Never mind! As soon as I wrote my post I figured out my own answer.

[cagoldi]

wineallthetime happy to help any way I can. It’s quite the process. I didn’t feel like it was that bad waiting for the testing because my concerns about everything other than eating were pretty mild. It would have been a different story if he were completely non verbal or had some self-injury going on. Good luck!

That would be sad to hear, mwhip and @klongoria. I hope they feel more comfortable as everyone has time to get to know one another.

[cagoldi]

Rough night.

Miss P is a snotty, teething mess and refuses to be put down at all. This gets X on edge and makes him cry and want to be carried. Dude was a trooper but I felt badly that he had to try to do homework in the midst of such a noisy, chaotic scene.

Am I completely failing as a parent, or is my expectation/hope that everyone sits still for five minutes during a meal just unreasonable at this point?

[wedding]

Sept 23, 2019 20:26:36 GMT -6 cagoldi said:

Rough night.

Miss P is a snotty, teething mess and refuses to be put down at all. This gets X on edge and makes him cry and want to be carried. Dude was a trooper but I felt badly that he had to try to do homework in the midst of such a noisy, chaotic scene.

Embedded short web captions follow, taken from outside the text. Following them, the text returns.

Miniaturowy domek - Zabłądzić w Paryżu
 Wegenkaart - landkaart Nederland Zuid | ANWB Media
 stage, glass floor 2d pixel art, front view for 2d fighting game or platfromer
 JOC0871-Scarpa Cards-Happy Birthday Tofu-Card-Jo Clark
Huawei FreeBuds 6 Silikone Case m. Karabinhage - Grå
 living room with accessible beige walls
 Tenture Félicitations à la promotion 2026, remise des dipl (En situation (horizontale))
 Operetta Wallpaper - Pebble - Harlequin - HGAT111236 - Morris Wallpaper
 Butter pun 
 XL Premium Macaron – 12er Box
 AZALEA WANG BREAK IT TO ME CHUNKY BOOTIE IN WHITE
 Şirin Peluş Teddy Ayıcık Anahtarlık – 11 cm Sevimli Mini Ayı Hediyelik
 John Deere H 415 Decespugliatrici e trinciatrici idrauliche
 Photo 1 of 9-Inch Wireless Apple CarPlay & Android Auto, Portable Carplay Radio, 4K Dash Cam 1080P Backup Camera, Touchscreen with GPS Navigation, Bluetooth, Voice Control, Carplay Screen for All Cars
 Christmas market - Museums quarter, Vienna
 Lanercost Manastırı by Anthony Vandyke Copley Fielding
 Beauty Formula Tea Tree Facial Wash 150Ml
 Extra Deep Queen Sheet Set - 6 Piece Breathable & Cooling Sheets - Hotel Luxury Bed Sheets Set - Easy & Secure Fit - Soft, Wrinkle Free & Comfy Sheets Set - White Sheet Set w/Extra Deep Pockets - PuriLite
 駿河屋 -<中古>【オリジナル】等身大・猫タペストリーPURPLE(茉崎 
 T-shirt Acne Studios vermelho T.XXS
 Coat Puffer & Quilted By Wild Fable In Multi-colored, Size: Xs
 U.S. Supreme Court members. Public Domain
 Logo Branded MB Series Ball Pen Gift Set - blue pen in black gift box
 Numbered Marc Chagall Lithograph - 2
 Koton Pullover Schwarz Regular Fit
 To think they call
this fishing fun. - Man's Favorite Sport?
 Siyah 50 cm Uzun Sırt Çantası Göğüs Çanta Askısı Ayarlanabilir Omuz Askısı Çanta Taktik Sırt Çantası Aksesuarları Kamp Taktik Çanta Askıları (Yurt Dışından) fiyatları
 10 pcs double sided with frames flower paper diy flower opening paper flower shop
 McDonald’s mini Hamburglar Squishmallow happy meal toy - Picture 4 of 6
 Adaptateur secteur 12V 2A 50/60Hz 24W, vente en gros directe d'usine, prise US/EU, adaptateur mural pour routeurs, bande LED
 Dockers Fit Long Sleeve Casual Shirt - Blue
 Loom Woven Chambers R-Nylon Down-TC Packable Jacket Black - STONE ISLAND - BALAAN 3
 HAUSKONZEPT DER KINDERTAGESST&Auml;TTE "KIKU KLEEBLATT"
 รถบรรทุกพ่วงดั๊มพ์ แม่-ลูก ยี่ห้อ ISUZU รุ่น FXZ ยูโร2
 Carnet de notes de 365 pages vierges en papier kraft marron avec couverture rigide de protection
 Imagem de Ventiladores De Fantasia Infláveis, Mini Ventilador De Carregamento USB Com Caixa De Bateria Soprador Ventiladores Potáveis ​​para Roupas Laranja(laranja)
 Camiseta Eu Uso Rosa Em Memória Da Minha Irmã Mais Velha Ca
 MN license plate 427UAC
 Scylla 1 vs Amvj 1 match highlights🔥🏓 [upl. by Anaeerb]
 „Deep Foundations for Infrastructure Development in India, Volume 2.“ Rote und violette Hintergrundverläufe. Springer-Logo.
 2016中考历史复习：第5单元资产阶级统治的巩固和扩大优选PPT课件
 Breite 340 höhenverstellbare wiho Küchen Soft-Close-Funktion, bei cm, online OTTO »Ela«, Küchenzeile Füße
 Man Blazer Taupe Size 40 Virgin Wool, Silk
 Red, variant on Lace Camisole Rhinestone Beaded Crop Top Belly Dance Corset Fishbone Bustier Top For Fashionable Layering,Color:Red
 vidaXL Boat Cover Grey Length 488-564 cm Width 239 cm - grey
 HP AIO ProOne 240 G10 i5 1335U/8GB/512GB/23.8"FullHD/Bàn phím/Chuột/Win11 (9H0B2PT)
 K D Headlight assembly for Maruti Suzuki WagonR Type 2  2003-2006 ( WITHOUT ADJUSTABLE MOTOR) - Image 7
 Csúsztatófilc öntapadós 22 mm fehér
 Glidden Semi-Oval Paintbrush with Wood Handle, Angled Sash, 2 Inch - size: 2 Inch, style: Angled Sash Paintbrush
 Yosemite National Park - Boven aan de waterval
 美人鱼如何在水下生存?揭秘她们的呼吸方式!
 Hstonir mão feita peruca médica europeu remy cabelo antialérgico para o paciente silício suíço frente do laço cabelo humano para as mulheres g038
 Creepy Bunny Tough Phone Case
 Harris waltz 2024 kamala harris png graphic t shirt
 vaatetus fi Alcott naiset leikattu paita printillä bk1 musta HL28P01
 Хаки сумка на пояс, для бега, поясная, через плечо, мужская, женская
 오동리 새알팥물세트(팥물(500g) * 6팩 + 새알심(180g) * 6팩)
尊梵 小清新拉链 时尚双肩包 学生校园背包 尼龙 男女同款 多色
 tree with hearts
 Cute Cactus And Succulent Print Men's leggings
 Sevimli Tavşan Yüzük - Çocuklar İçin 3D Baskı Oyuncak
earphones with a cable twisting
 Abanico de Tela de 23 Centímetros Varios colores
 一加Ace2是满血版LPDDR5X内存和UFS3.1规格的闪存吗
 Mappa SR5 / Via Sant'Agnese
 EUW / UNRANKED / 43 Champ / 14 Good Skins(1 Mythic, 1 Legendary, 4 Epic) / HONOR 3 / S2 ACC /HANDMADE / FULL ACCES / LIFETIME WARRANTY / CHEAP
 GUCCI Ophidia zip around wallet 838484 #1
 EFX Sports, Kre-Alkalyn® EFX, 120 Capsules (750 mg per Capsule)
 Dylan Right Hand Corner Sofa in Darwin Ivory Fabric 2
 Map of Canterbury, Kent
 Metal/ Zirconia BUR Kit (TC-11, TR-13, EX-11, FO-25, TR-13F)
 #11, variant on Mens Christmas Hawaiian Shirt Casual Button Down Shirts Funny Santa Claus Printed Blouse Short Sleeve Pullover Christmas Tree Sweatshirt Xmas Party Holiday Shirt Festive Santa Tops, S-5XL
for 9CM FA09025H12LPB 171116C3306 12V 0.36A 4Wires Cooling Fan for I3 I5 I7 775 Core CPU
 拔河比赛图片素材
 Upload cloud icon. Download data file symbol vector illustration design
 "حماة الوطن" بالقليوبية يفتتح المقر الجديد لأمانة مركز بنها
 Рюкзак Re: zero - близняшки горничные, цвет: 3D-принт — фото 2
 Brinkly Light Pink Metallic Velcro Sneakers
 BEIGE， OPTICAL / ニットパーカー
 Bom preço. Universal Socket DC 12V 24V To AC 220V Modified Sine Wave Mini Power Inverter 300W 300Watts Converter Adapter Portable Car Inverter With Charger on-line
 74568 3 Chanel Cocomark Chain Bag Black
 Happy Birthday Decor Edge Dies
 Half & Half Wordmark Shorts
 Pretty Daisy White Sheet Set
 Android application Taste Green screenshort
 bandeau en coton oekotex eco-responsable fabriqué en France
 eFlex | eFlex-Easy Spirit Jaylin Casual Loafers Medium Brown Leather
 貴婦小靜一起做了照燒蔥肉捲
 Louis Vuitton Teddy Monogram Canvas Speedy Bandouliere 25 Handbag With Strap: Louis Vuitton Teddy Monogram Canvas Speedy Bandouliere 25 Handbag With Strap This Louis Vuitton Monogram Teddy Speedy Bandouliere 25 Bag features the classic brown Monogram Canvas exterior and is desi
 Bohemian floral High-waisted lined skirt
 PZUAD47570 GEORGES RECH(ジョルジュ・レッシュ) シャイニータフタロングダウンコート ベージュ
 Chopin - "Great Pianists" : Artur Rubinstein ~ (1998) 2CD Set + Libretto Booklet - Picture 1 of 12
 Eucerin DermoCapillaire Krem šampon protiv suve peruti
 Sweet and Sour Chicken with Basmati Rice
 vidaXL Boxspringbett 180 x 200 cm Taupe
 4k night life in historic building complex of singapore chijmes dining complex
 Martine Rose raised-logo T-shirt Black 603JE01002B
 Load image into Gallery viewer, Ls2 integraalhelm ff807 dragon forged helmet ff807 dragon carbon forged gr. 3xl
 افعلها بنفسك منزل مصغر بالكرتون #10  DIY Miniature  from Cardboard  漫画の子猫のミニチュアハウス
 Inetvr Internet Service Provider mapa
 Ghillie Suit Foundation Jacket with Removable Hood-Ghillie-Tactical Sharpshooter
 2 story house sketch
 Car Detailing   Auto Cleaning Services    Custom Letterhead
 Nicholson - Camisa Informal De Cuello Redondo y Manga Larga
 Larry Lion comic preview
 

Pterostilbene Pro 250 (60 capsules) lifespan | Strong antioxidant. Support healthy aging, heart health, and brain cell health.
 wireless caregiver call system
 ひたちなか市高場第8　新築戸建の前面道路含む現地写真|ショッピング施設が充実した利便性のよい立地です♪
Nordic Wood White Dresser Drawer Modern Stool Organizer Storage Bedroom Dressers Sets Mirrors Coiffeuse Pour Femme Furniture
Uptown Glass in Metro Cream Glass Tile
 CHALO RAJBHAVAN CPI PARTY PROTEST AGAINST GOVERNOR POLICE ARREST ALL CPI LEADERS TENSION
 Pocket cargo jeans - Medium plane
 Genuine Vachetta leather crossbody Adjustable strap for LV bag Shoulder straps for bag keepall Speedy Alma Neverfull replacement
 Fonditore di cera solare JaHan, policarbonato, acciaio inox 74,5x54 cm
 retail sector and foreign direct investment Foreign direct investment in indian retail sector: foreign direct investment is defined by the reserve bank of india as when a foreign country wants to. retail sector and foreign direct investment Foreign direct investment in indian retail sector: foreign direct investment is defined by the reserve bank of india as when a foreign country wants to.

Am I completely failing as a parent, or is my expectation/hope that everyone sits still for five minutes during a meal just unreasonable at this point?

I would say it’s kid dependent. Could C sit for 5mins at Xs age? Nope. Sometimes he can’t now. Throw a toddler in the mix and who knows. Try to be kind to yourself. You are a great mom. Maybe loosen expectations a little bit when you can just to take the pressure off of yourself.

Meals are one of my mom guilt things that I’m really trying to let go of. While I would love for a nice family meal, it just isn’t in the cards for us right now. And honestly, the good memories I have from childhood don’t include meals. Except when the dog stole the roast from the table. That was pretty funny!